§ **Exercise brief**: When writing out the entries below, keep only the lines from the line with "2 habitaciones, tabla" to the line with "8 zwarte rustieke", both included, exactly as they are, and leave the pictures aside.

§ **Source material**:
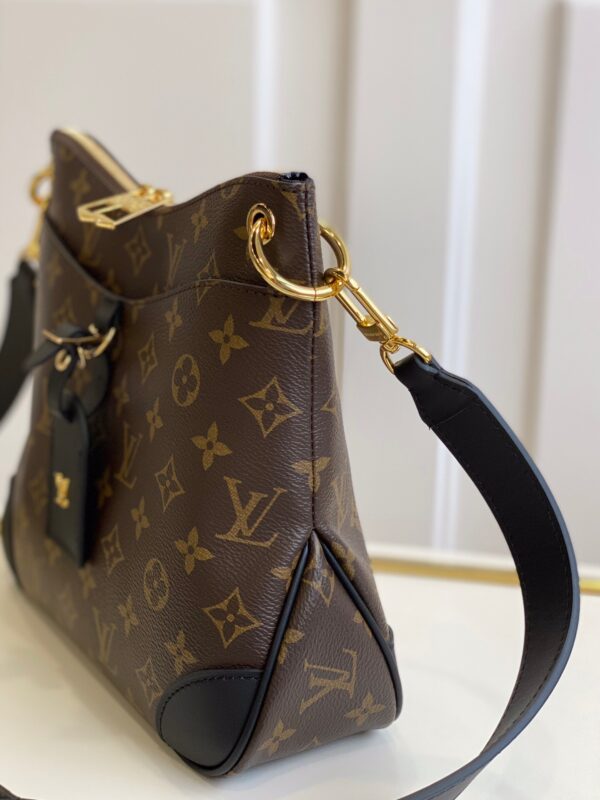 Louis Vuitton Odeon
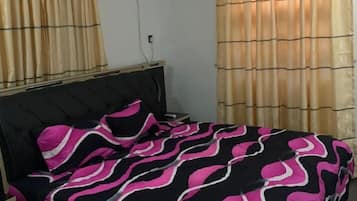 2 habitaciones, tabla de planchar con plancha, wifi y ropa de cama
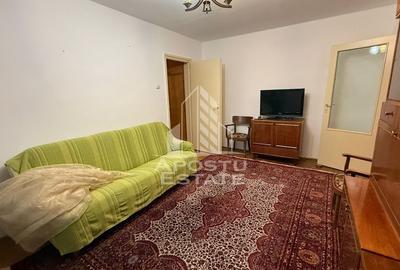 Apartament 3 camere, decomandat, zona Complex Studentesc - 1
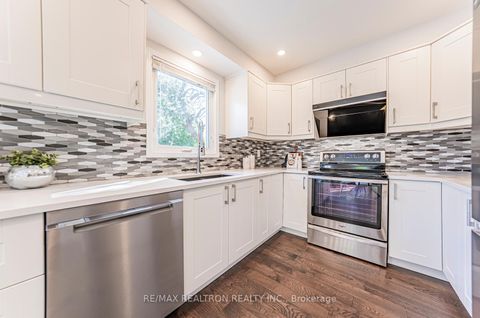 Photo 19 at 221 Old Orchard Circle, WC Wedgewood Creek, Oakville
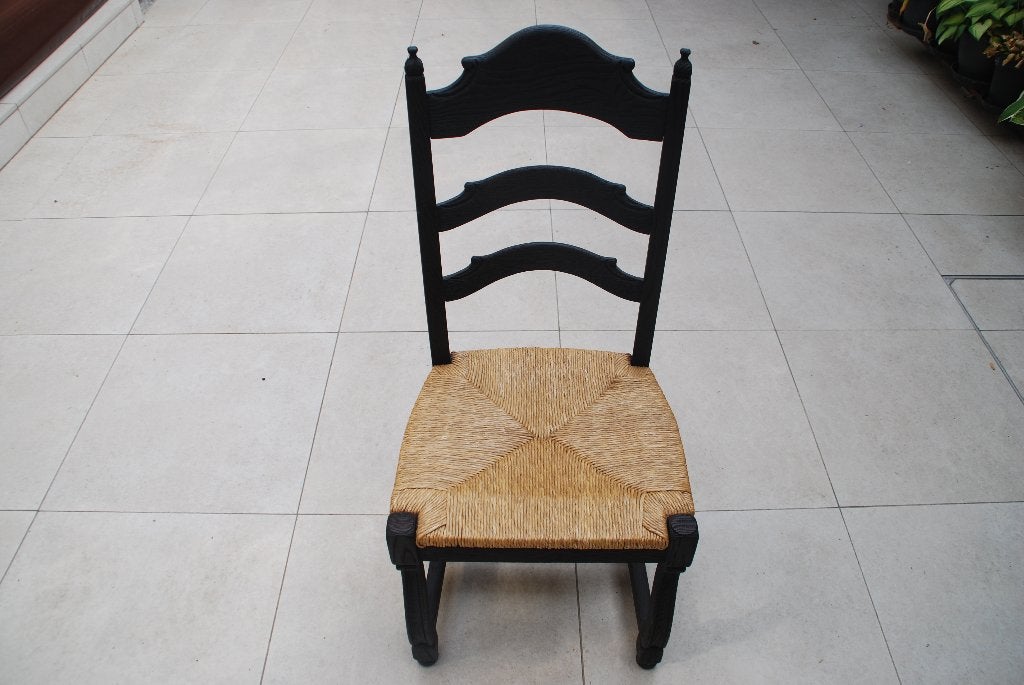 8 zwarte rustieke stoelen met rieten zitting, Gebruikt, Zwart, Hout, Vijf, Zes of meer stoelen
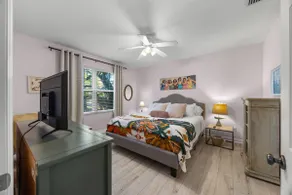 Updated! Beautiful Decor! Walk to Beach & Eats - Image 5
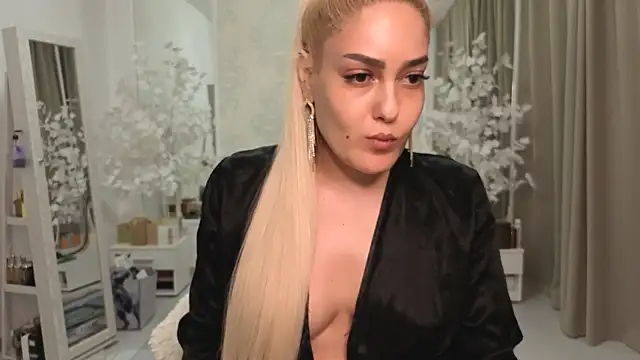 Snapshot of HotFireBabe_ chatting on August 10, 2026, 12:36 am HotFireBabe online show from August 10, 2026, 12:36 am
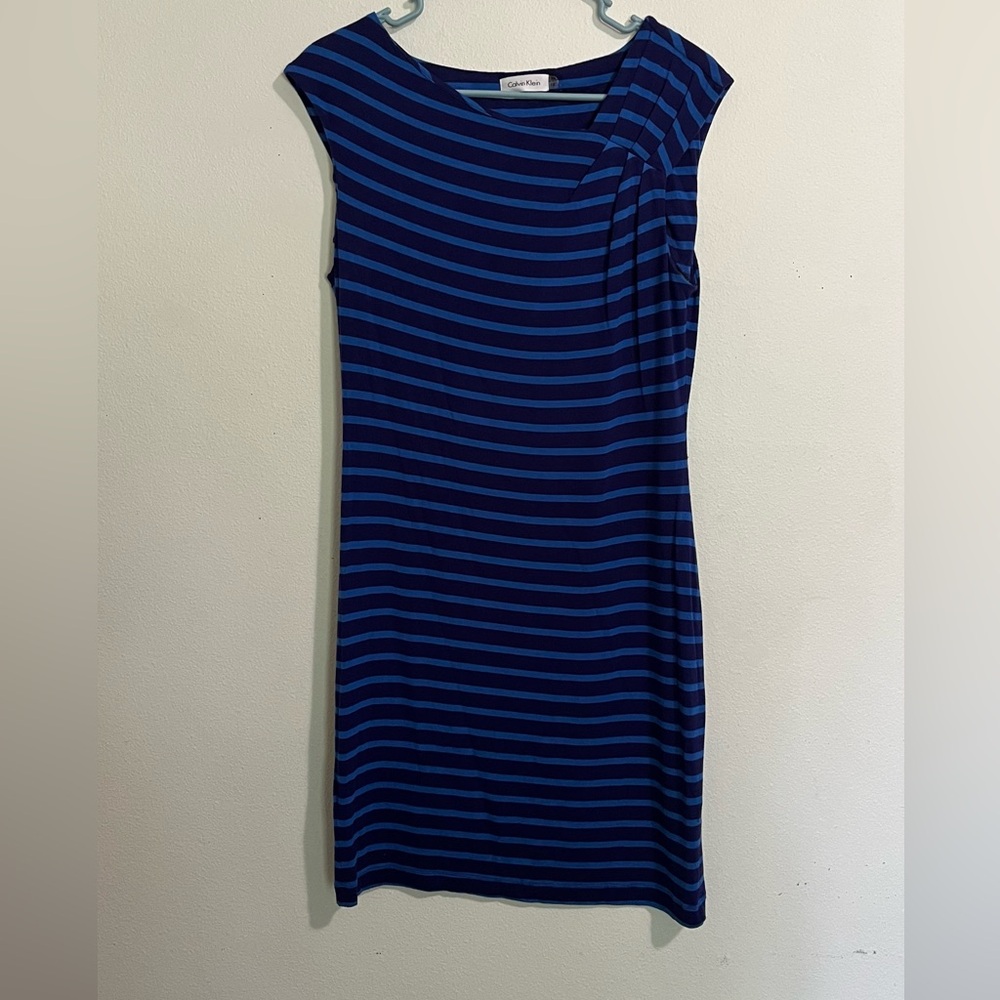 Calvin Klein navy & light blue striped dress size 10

§ **Task answer**:
 2 habitaciones, tabla de planchar con plancha, wifi y ropa de cama
 Apartament 3 camere, decomandat, zona Complex Studentesc - 1
 Photo 19 at 221 Old Orchard Circle, WC Wedgewood Creek, Oakville
 8 zwarte rustieke stoelen met rieten zitting, Gebruikt, Zwart, Hout, Vijf, Zes of meer stoelen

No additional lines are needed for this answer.